Creyéndose favorecidos como pueblo, se consideran los únicos o principales acreedores o merecedores de la misericordia divina. En los salmos, por ejemplo, el rey David clama una y otra vez solicitando el favor y el perdón de Dios, aludiendo a la clemencia que Jehová muestra con Israel, y en contra de sus enemigos o temporales adversarios.
CRISTIANISMO
Con Jesús, se inicia una etapa radicalmente diferente. La misericordia de Dios no se circunscribe ni se limita a un pueblo o a una raza. Su bondad es universal (Juan, 3: 16; 10: 16; etc.).
Entre sus discípulos, el amor y el perdón son los elementos esenciales de esta nueva forma de concebir la vida espiritual. Ahora, Dios es el Padre misericordioso y amante, dispuesto a recibir con los brazos abiertos a su hijo extraviado, a aquel que habiéndose alejado vuelve arrepentido. Jesús es el pastor que, por amor, no escatima esfuerzos hasta encontrar la oveja que perdió.

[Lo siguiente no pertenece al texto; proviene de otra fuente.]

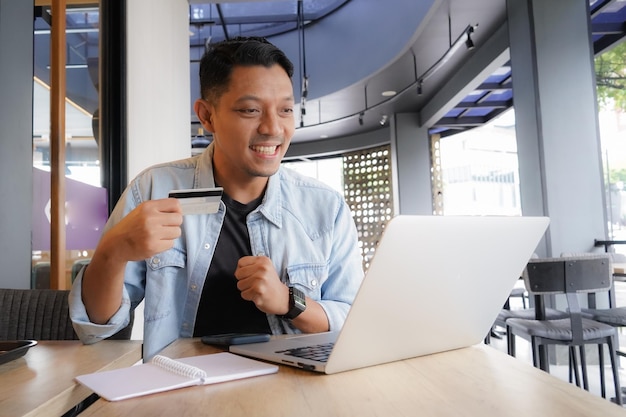 Foto uomo asiatico felice ed entusiasta con camicia blu che usa laptop e cellulare in un caffè online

Perdonar a los enemigos, hacer bien, aun a los que nos aborrecen, orar por aquellos que nos persiguen, poner la otra mejilla, etc., son actitudes que habrían sido inimaginables entre los antiguos habitantes de Israel.
De todos es conocida la repetida frase de Jesús:
Oísteis que fue dicho…, pero yo os digo….

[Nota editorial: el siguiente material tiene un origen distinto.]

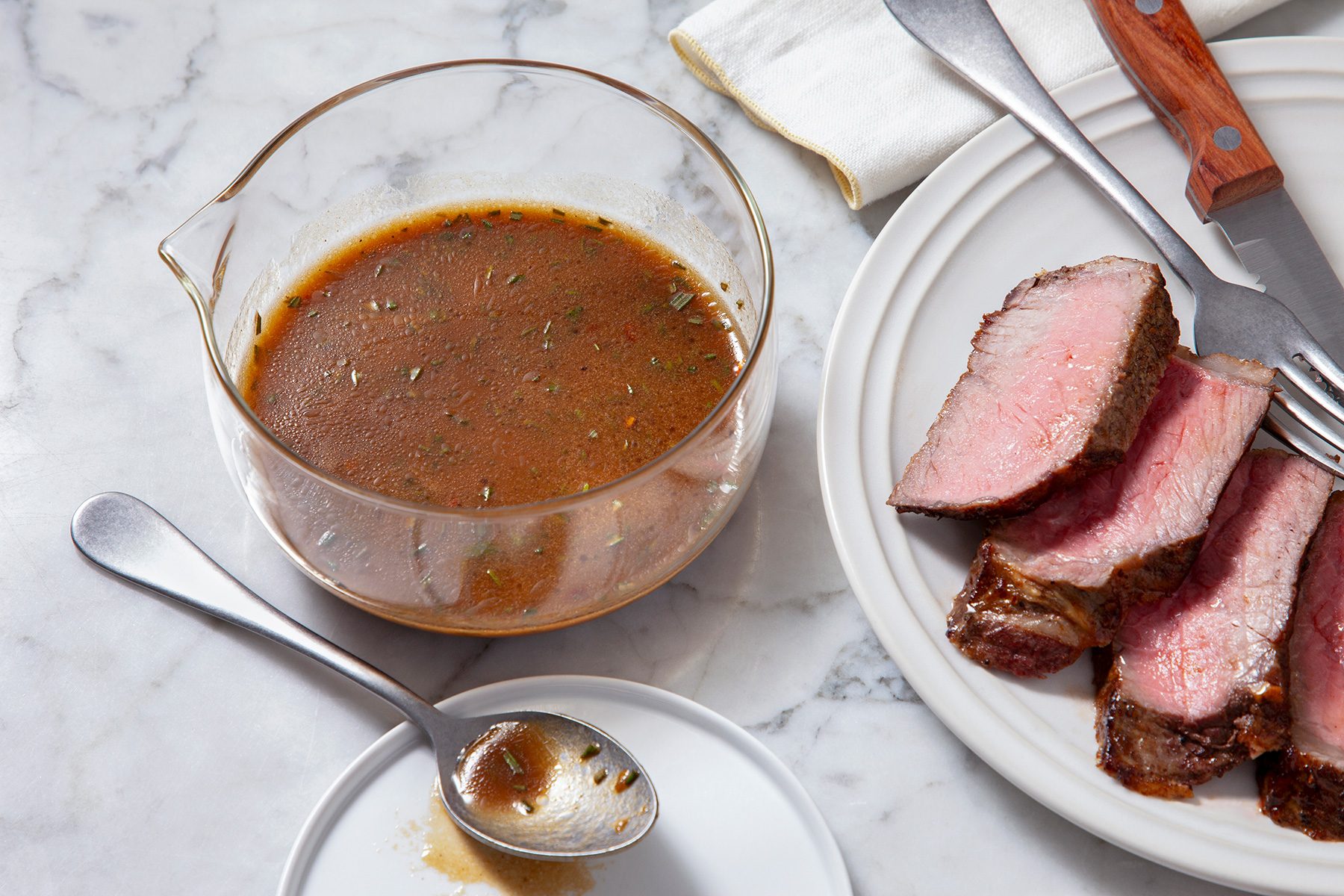 3/4th shot of a marinade and the meat, The focal point is a glass bowl filled with a rich, brown sauce or marinade, flecked with herbs and spices, To the right, a white plate holds slices of cooked meat, possibly beef, A carving fork and knife rest on the plate, In the foreground, a spoon rests on a small plate;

Los tres primeros siglos de cristianismo parecen reflejar este mismo sentir entre los seguidores de Jesús. En el núcleo de los primitivos cristianos se crearon colectivos en los que vivían en comunidad y compartían todo cuanto tenían; en los que la regla suprema era el amor a Dios y a los hombres, fueran estos judíos o gentiles. Comunidades que nunca se enfrentaron, ni reaccionaron con violencia frente a las persecuciones o las terribles torturas a las que se vieron arrastradas a causa de su fe.
Pero, esto, no duró mucho. A raíz de la cristianización del Imperio Romano por Constantino I, llamado el Grande (274-337), el cristianismo pasó, casi inmediatamente, de ser perseguido por los paganos a ser perseguidor de estos.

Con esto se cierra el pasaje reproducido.